Here is the output: output

The formula MID(A,SEQUENCE(,3,3),1) (or just MID(A,{3,4,5},1)) splits the digits among columns for each row for 3-5 digit positions. The name nums represents a column array with all selected digits and uxNums the corresponding unique digits. The name freq counts the frequency for each unique digit. We want to sort them by the frequency (freq) so we can use SORTBY for that in descending order and finally take the first three rows via TAKE function.

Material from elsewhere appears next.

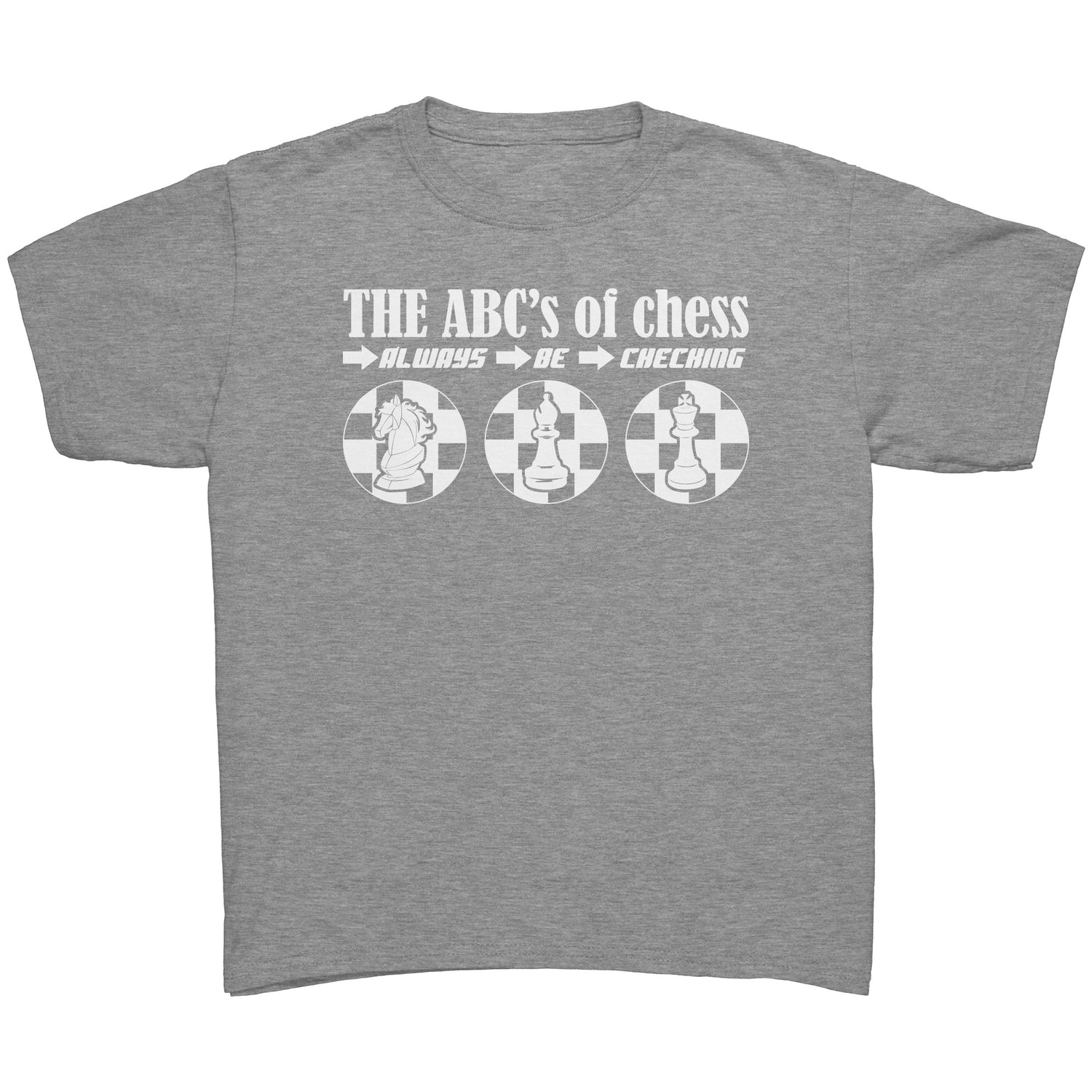 The ABC's of Chess - Always Be Checking - Youth T-Shirt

Note: Instead of using MMULT to calculate freq, you can use: BYROW(N(uxNums=TOROW(nums)),LAMBDA(r,SUM(N(r=1))))

In situations like that, where you have an array (nums) and you want to count values. You cannot use any of the RACON functions since all of them expect a range as input. There is a trick for that combining XMATCH with FREQUENCY that we can use:

=LET(A,A1:A6, nums,TOCOL(MID(A,SEQUENCE(,3,3),1)), uxNums,UNIQUE(nums),
 idx,XMATCH(nums,uxNums), freq,DROP(FREQUENCY(idx,UNIQUE(idx)),-1),
 TAKE(SORTBY(uxNums,freq,-1),3))

For more details, you can check my answer to this question: How to search for the most common sequence of 6 letters in Excel file?. DROP is used to remove the last open bins, it is not necessary in this case, I just keep it for a general case.

From a performance perspective, the MMULT approach is about 50% faster than BYROW and XMATCH/FREQUENCY solutions.